In fact, it should have had an advantage because it was familiar to SVN users and the centralized way of doing things. “Mercurial was certainly the most easy to use and more familiar to use because it was a bit like using subversion, but in a distributed fashion,” said VonC. But that fealty to the old ways may have hurt it as well. “That is also one aspect which was ultimately against Mercury because just having the vision of using an old tool in a distributed fashion was not necessarily the be best fit to develop in a decentralized way.”
The short answer why it won comes down to a strong platform and built-in user base. “Mercurial lost the popularity battle in the early 2010s to Git. It's something we attribute in large part to the soaring rise of GitHub at that time, and to the natural endorsement of Git by the Linux community,” said Gomès and David.
Mercurial may have started out in a better position, but it may have lost ground over time. “Mercurial's original fit was a curated, coherent user experience with a built-in web UI,” said Brase. “GitHub gave git the good web UI and coherent couldn't beat the feature avalanche from Git contributors and the star power of its founder.”
That feature avalanche and focus on user needs may have been a hidden factor in pushing adoption. Thomson, in his comparison nearly fifteen years ago, likened Git to MacGyver and Mercurial to James Bond. Git let you scrape together a bespoke solution to nearly every problem if you were a command-line wizard, while Mercurial—if given the right job—could be fast and efficient.
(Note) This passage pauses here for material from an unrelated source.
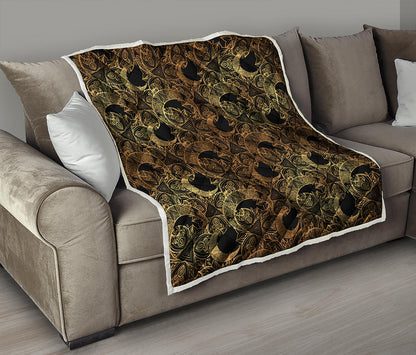 Black And Gold Celestial Pattern Print Quilt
So where does Thomson stand now? “My main objection to Git—the UI—has improved over the years (I now use an Emacs-based Git frontend, which is terrific), whereas Mercurial’s primary drawback, its slow speed on large repositories, is still, as far as I can tell, an extant problem.”
Like MacGyver, Git has been improvising and adapting to fit whatever challenges come its way. Like James Bond, Mercurial has its way of doing things. It works great for some situations, but it has a distinct point of view. “My favorite example of a difference in how git and Mercurial approach new features is the `config` command,” said Brase. “Both `git config` and `hg config` are commands to edit settings such as the user's email address. The `git config` command modifies `~/.gitrc` for you and usually gets it right. The Mercurial author refused all contributions that edited a config file for you. Instead `hg config` launched your text editor on `~/.hgrc`, saying ‘What is it with coders who are intimidated by text-based config files? Like doctors that can't stand blood.’”
Regardless, it seems that while Git feels like the only version control game in town, it isn’t. Options for how to solve your problems are always a plus, so if you’ve been frustrated with the way it seems that everyone does things, know that there are other ways of working, and commit to learning more.